Мы можем здесь лишь в общих чертах изложить ход переговоров, и у нас нет места для того, чтобы приводить документы, которыми переговоры сопровождались и в которых они нашли официальное выражение. Тем не менее, мы должны рассказать о том, как начался контакт. 14 июля у де-Валера и Ллойд-Джоржа состоялось первое свидание в кабинете дома № 10 на Даунинг Стрит4. Де-Валера был официально представлен “представителем ирландской республики в Лондоне” (Арт [c.200] О'Бриеном). Премьер-министр, показавший себя великолепным актером, в первые же моменты этого свидания сердечно приветствовал ирландского вождя как брата – кельта по крови5. Де-Валера держался сдержанно и официально. Он представил длинный документ на ирландском языке и для удобства английский перевод. Заглавие документа – “Саорстат Эйреанн” – возбудило литературное любопытство премьер-министра. “По-моему, – заметил он, – Саорстат – не ирландское слово. Что это значит в буквальном переводе?” После некоторой паузы де-Валера ответил, что буквально это обозначает свободное государство. “Хорошо, – сказал премьер-министр, – Саорстат значит свободное государство, но как же по-ирландски республика?” Пока оба ирландца обсуждали по-английски, что они должны ответить на этот невинный вопрос, премьер-министр обратился к профессору Томасу Джонсу, работавшему в секретариате кабинета министров, и заговорил с ним на валлийском языке, к очевидному неудовольствию говоривших по-английски шин-фейнеровских посетителей.
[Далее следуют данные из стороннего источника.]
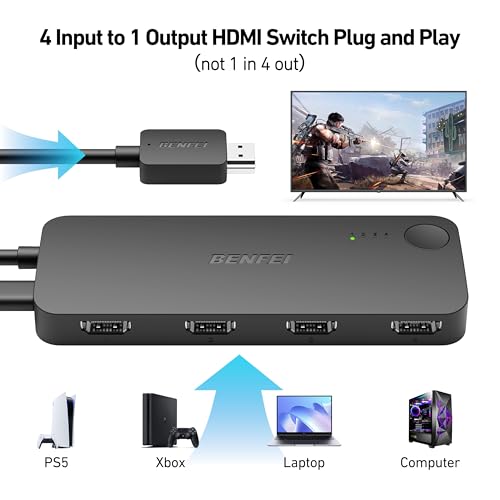 BENFEI HDMI Switch 4 in 1 Out 4K60Hz 2K144Hz HDCP 23 with Adaptive Equalization Support 10M HDMI Transmit Compatible for PS54 Xbox Roku FireStick Switch - Image 3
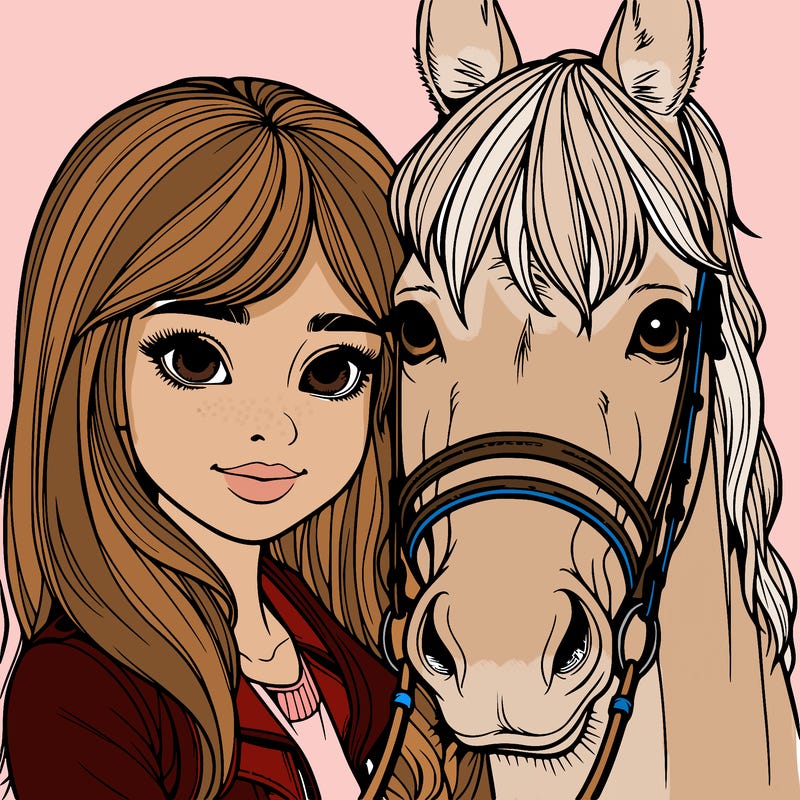 girl with horse realistic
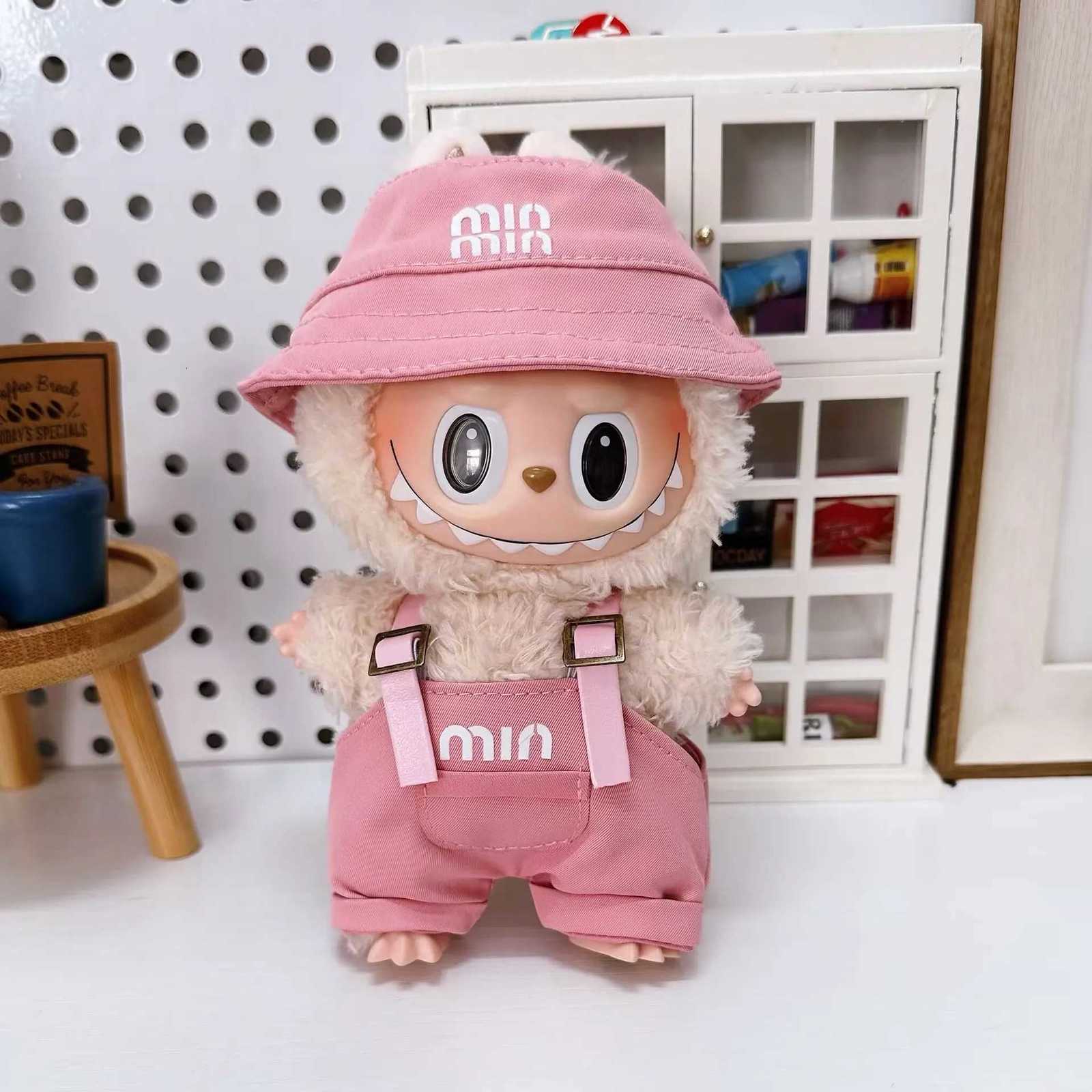 Labubu 17cm Pinafore Dress Set - Celebrity Style Beret Outfit, Doll Clothing GiftT260304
В конце концов де-Валера не мог ответить ничего больше, чем то, что Саорстат значит свободное государство. Премьер-министр заметил: “Не следует ли сделать из этого вывода, что кельты никогда не были республиканцами и не имеют своего термина для обозначения подобного понятия?” Последовало долгое смущенное молчание. Таково было начало диалога, продолжавшегося много часов, пока после подробного обзора ирландской истории в древнюю и средневековую эпоху, стало совершенно ясно, что переговоры могли подвинуться лишь в том случае, если британское правительство само сделает свои предложения.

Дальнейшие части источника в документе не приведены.